» **YOUR GOAL**: Would you copy the listing below exactly, keeping the pictures out?

» **INFORMATION PROVIDED**:
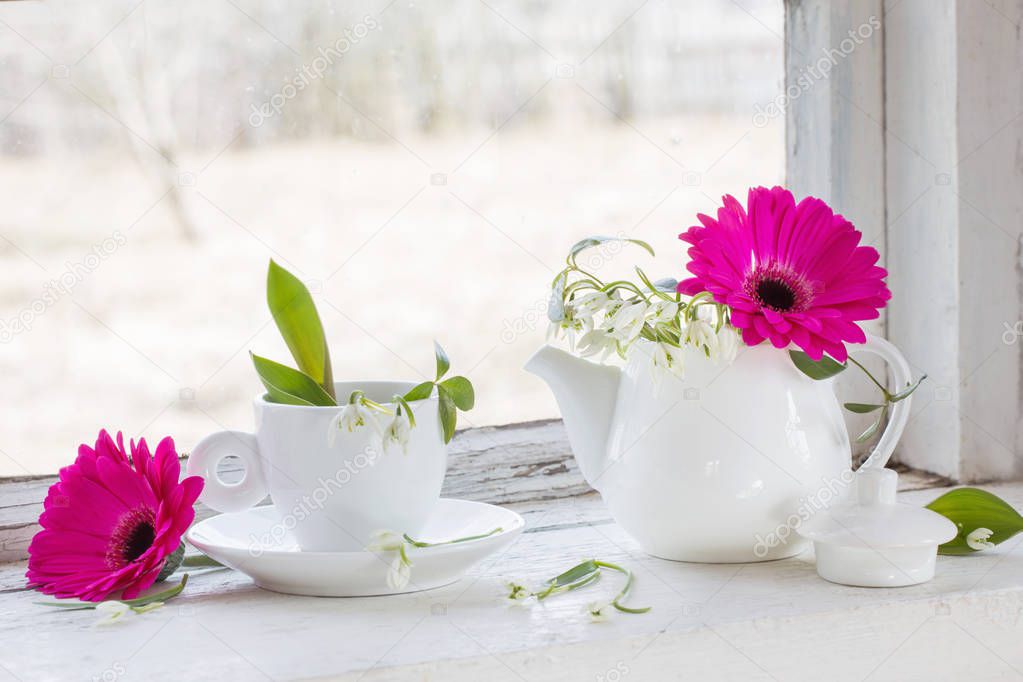 still life with gerbera and white snowdrops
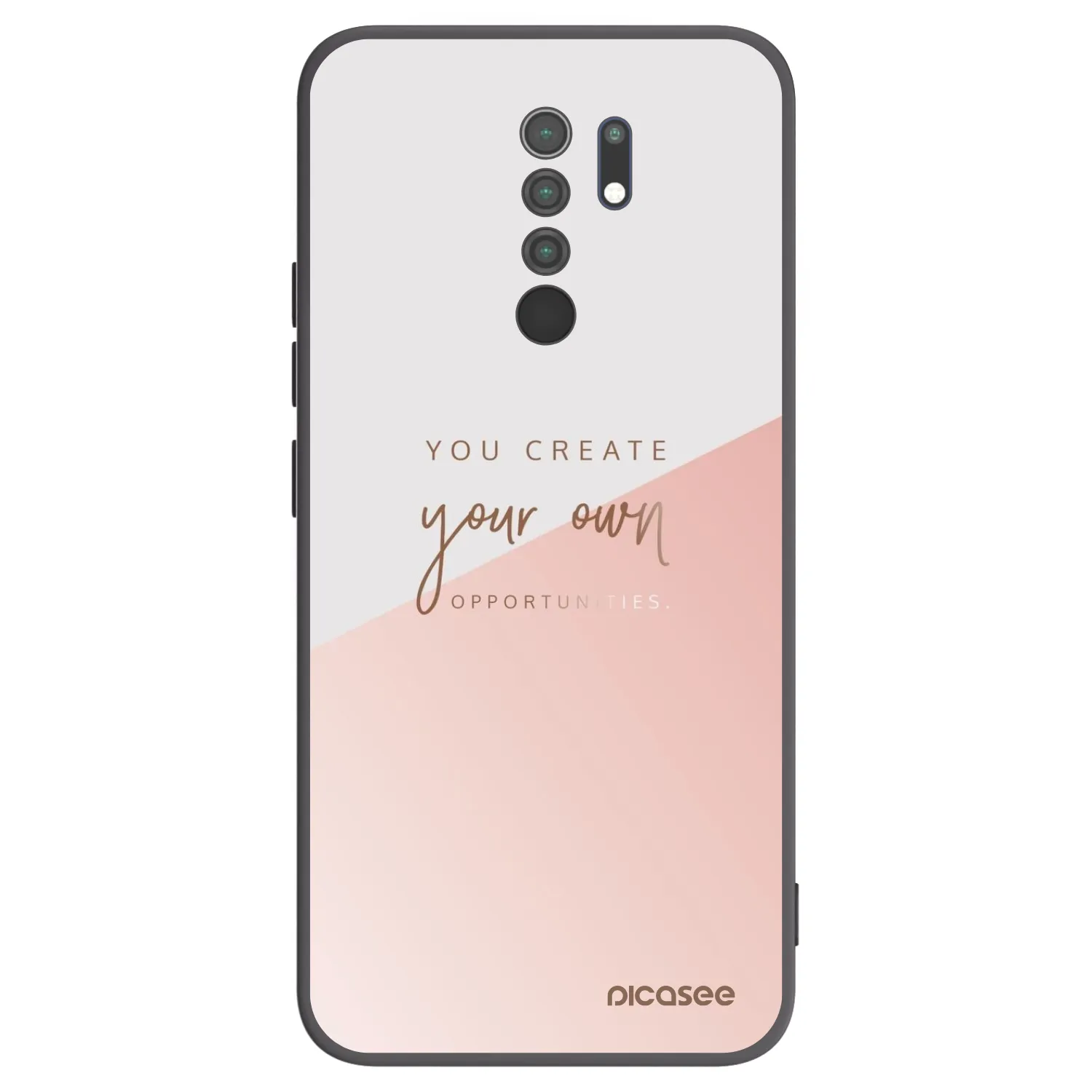 Picasee Μαύρη θήκη σιλικόνης για Xiaomi Redmi 9 - You create your own opportunities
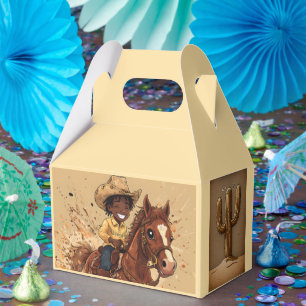 Cartoon Western Ride Tall Cowboy Favor Box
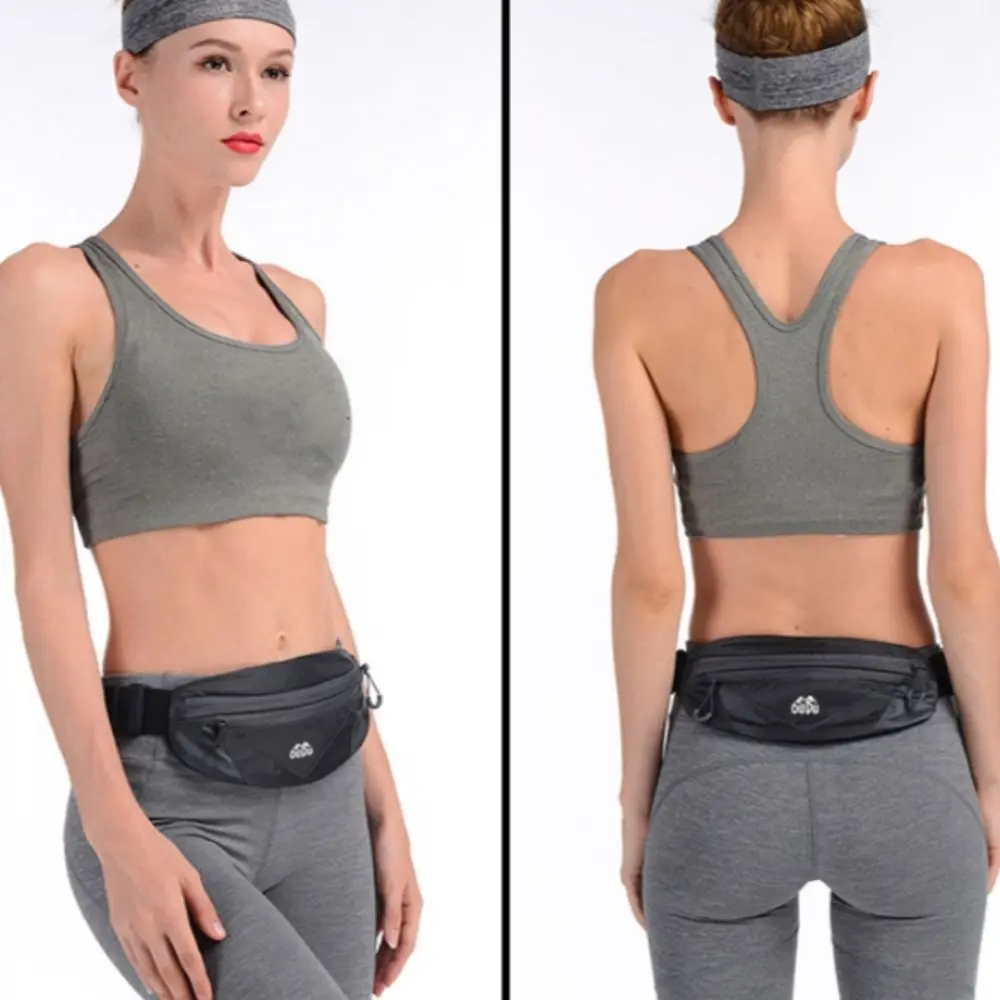 

Ultra-Thin Sports Waist Bag Double Zipper Pocket Waterproof Mobile Phone Waist Bag Portable 7-Inch Size Running Waist Bag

» **TASK RESPONSE**:
 still life with gerbera and white snowdrops
 Picasee Μαύρη θήκη σιλικόνης για Xiaomi Redmi 9 - You create your own opportunities
 Cartoon Western Ride Tall Cowboy Favor Box

Ultra-Thin Sports Waist Bag Double Zipper Pocket Waterproof Mobile Phone Waist Bag Portable 7-Inch Size Running Waist Bag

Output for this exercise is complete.